王子様の憂鬱-1
「はあ?!そんな急にっ!どういう事ですか!?」
魔法大国ゼビアの王宮に、カイザス国第3王子デレクシスの声が響く。
『急では無い。何度も帰って来いと言っていたではないか』
魔法の鏡に映っているのはカイザス国王……つまり、デレクシスのお父さんだ。
「私も何度も言いましたよね?!適当な護衛が見つからないと……」
『だから、こっちで用意した。アース殿が連れて行くから。気をつけて帰ってこいよ。ではな』
「ちょっ……父上?!父上ぇっ!!」
一方的に通信を切ったカイザス国王に向かってデレクシスは叫ぶが、鏡には自分しか映っていない。

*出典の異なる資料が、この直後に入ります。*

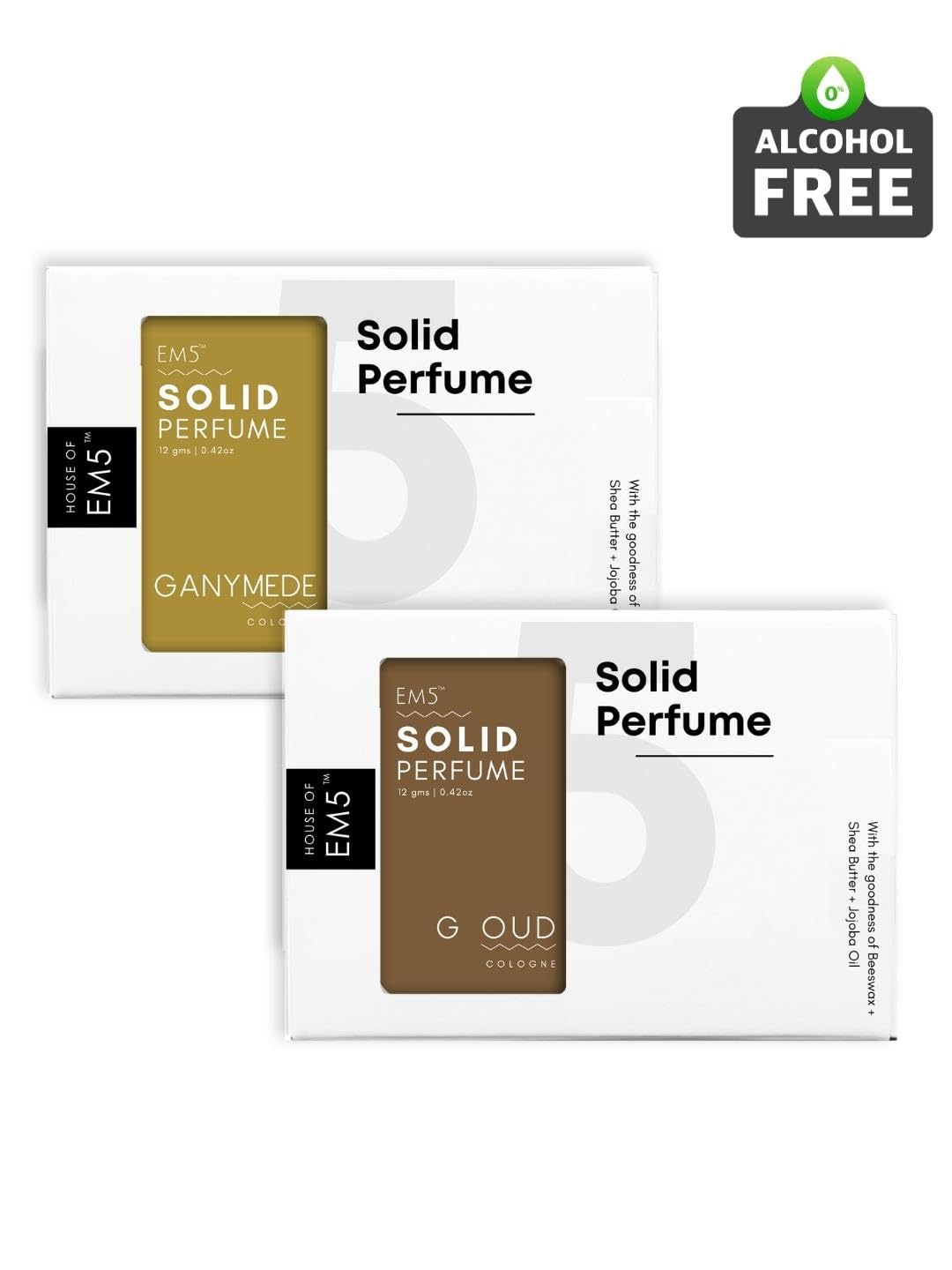 EM5™ Combo Pack of Alcohol Free Solid Perfumes | Woody Oud & Nomade for Men & Women | Non - Greasy Cologne | Strong & Lasting Fragrance | Gifting Pack for Him & Her - Vamzn#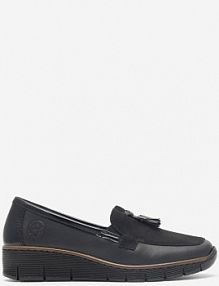 Mokasyny Rieker czarne damskie 53771-00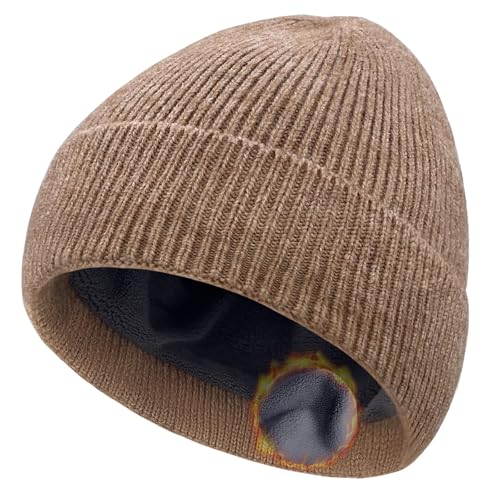 Winter Beanie Hats for Women Men Fleece Slouchy Knit Thick Beanies Warm Thermal Snow Ski Hat Gifts for Cold Weather - color: Khaki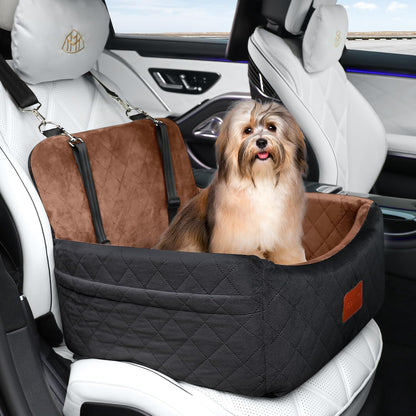 Dog Car Seat for Small Dogs Under 30lbs,Ultra Soft Fabric & Memory Foam Pet Travel Car Bed,Washable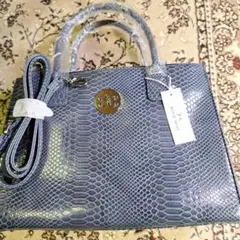 【新品】♥️HANE MORI ダークグレー トートバッグ肩掛蛇革調　2ウェイ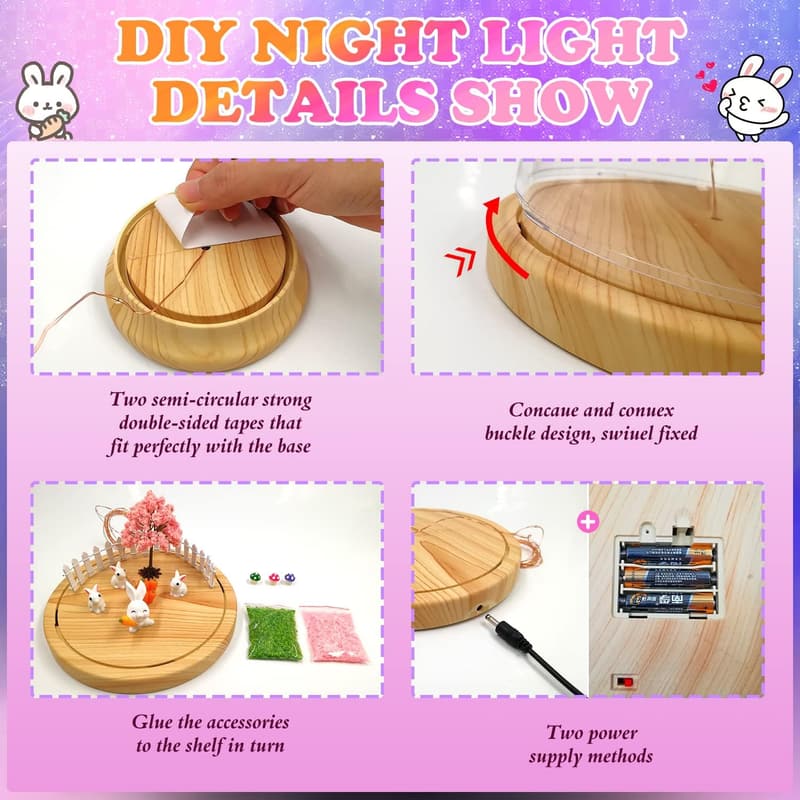 DIY Rabbit Night Light Kit for Girls - Creative USB Lamp Toy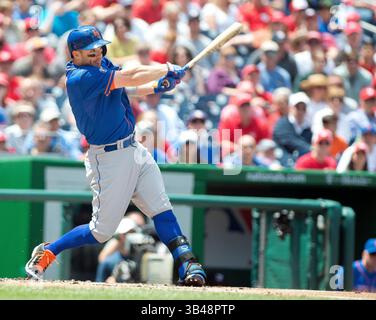 18 maggio 2014 - Washington, District of Columbia, Stati Uniti - il terzo base dei New York Mets David Wright (5) batte nel primo inning contro i Washington Nationals al Nationals Park di Washington, DC domenica 18 maggio 2014. (Immagine di credito: ©Ron Sachs/CNP tramite filo ZUMA) Foto Stock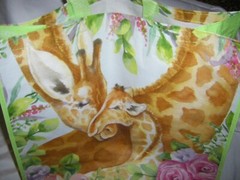 Giraffes Reusable Large Size Shopping Tote Bag Mama With Baby NEW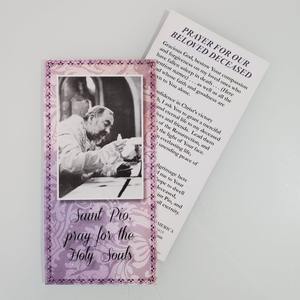 Saint Pio, Pray for the Holy Souls Prayer Card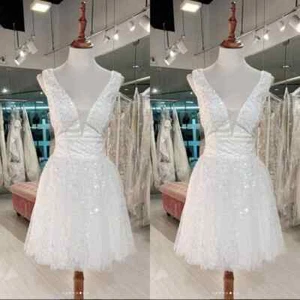 Mini Glitter Wedding Dresses V Neck Short Length Sleeveless Sequin Bridal Gowns - Picture 1 of 7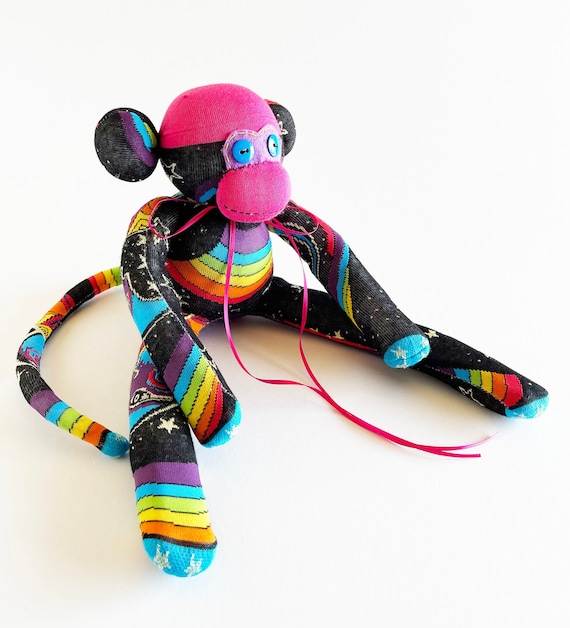 rainbow stuffed monkey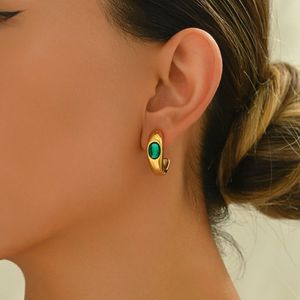 Emerald  Hoop Earrings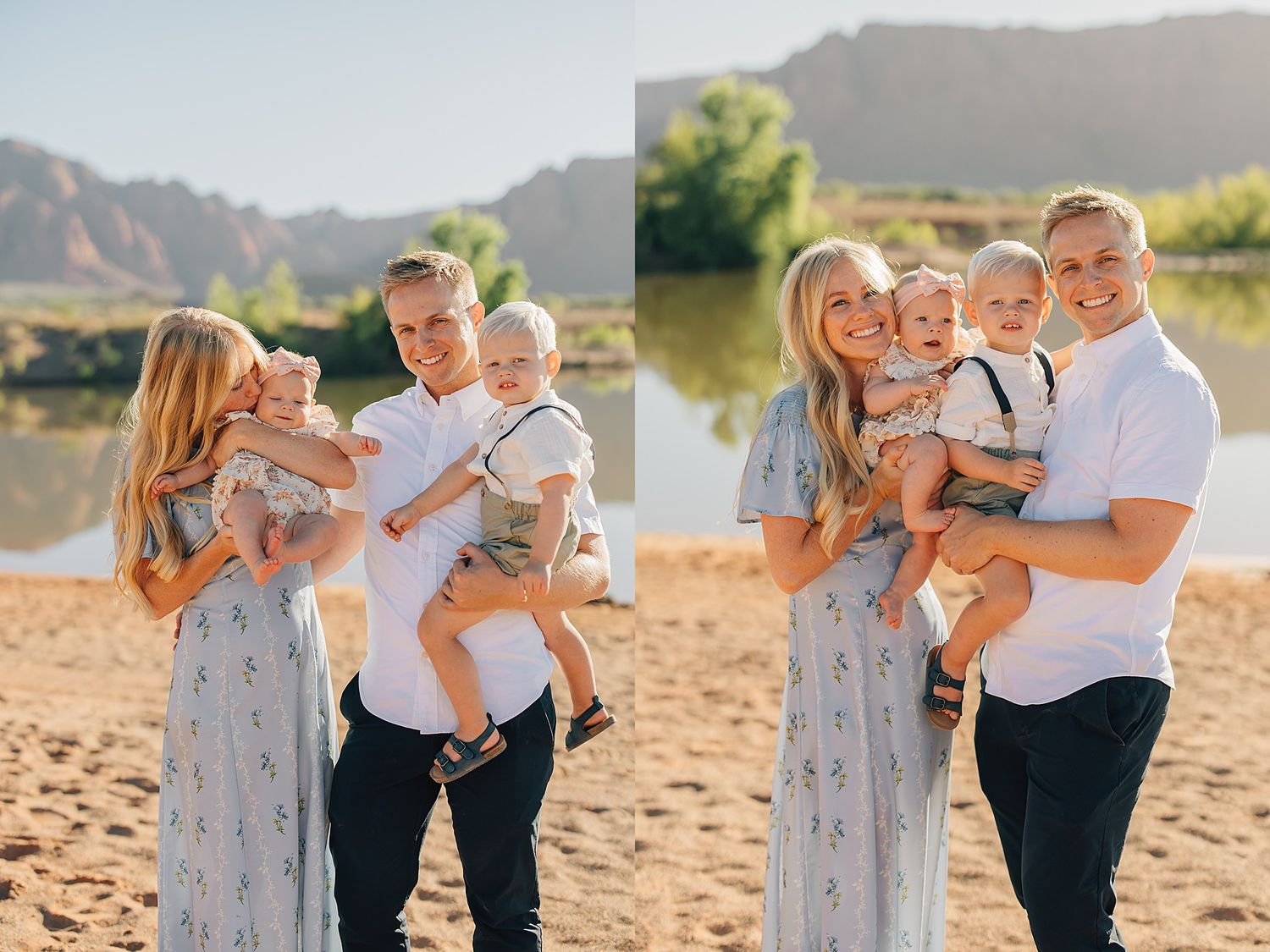 Happy family with two toddlers posing outdoors near a lake with red rock mountains in the background.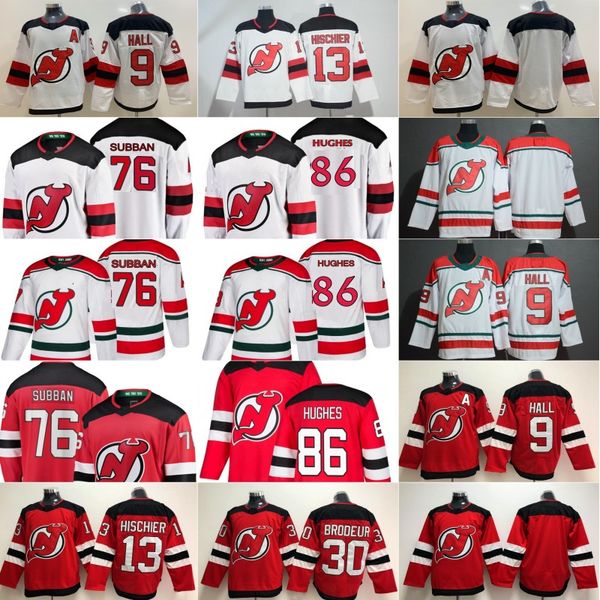 

New Jersey 76 P.K. Subban Devils 86 Jack Hughes 9 Taylor Hall 13 Nico Hischier 30 Martin Brodeur 35 Cory Schneider Red White Hockey Stitched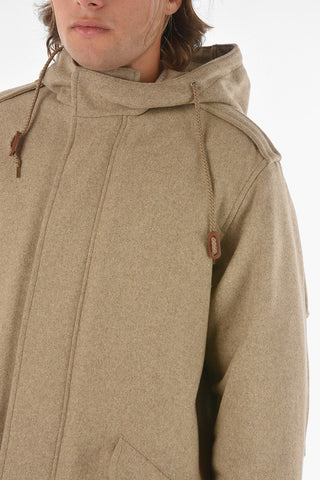 Hooded Wool Blend Parka With Flap Pockets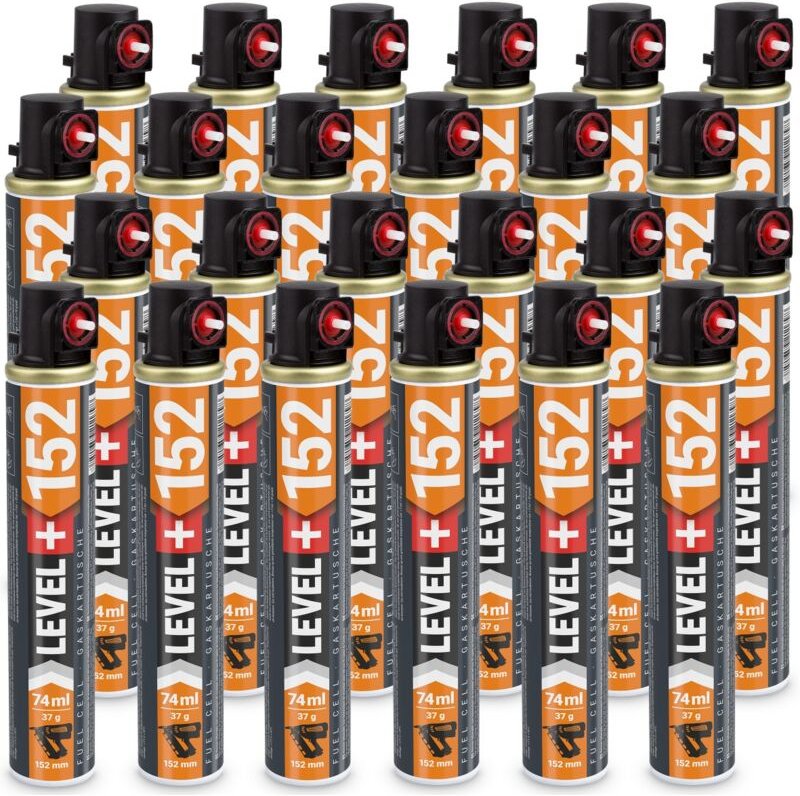 Level+ Gaskartusche 152mm 74ml Fuel Cell Ersatzgas für Nagler L+152 - 24 St.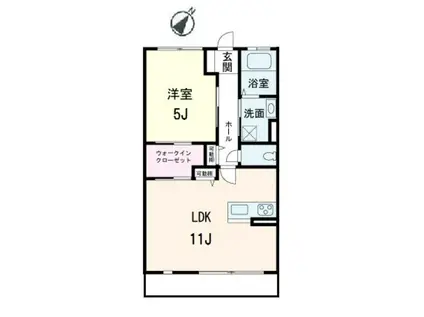 アドミラブール Y・A(1LDK/2階)の間取り写真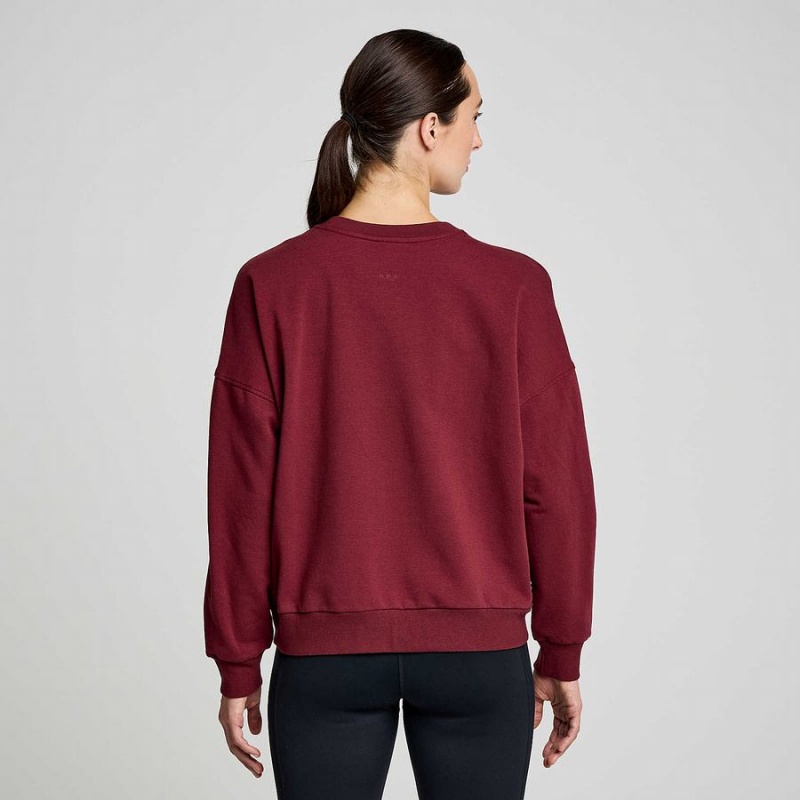 Women's Saucony Recovery Crew Sweatshirt Red | SG S58197-J98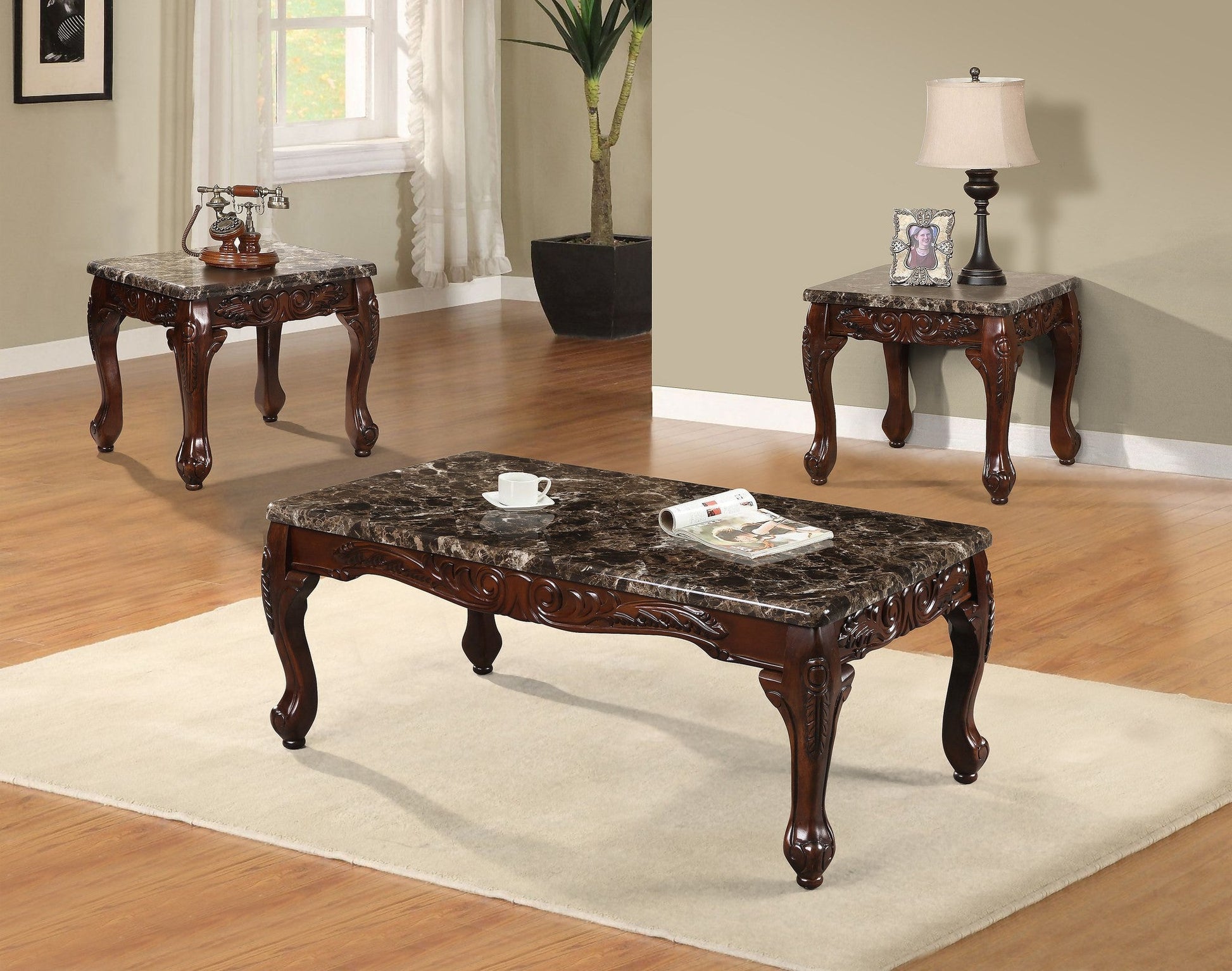 Espresso Coffee Table Set; 3 PCS. SET - ATL FURNITURE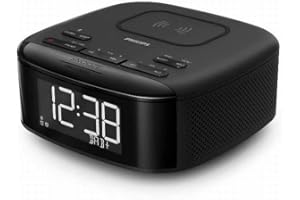 Philips R7705/10 Radiosveglia DAB+/FM, Bluetooth, Allarme Doppio, Spegnimento Automatico, Sincronizzazione Automatica Dell'orario, Batteria Tampone, Caricatore Telefono Wireless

デレクシスはガクンと首を落として、頭のてっぺんで鏡をゴツゴツ叩くのだった。
ぶっすーと不貞腐れた顔で部屋のソファーに座っているデレクシスに、部屋の主であるゼビア国王ドグザールが焼き菓子を投げつけた。
「人の部屋に来といて不っ細工な顔すんじゃねぇ」
パコーンと額に当たって空中に飛んだ焼き菓子を、デレクシスの肩に乗っていたえらく派手な鷲がくちばしでキャッチする。
それをくちばしと脚を使って器用に割ると、反対側の肩に居る飛び魚に渡した。
鷲はデレクシスのパートナー風の精霊ザック、飛び魚はかつてデレクシスが愛した女性のパートナー水の精霊ポゥ。
2体は仲良しこよしで、正直羨ましいくらいだ。
「申し訳ありませんね。元からこういう顔なもんで……」
「嘘つけ、馬ー鹿」
デレクシスは精霊達を眺めつつ憮然と答え、ドグザールはお茶を飲みつつ苦々しい顔をした。
「デレク王子のお気持ちは分からなくも無いですけどねえ」
険悪ムードを無視して割り込んだのは、ドグザールの妻イズミ王妃。
「分かって頂けますよね?!イズミ王妃」
「まあ、王族ですもの。親の言う事には従わなければならないのは仕方がないと言えば仕方がないのですけど……やはり一方的に決められるのはねえ?」
イズミもドグザールと結婚する前は、東の大陸サイラ国の第2王女だった。
父王の決めた通りに婚約者と結婚する予定だったが、顔合わせの際ドグザールが乱入してイズミを拐った。
あれが無ければ望まない結婚をしていただろうと思うと、正直寒気がする。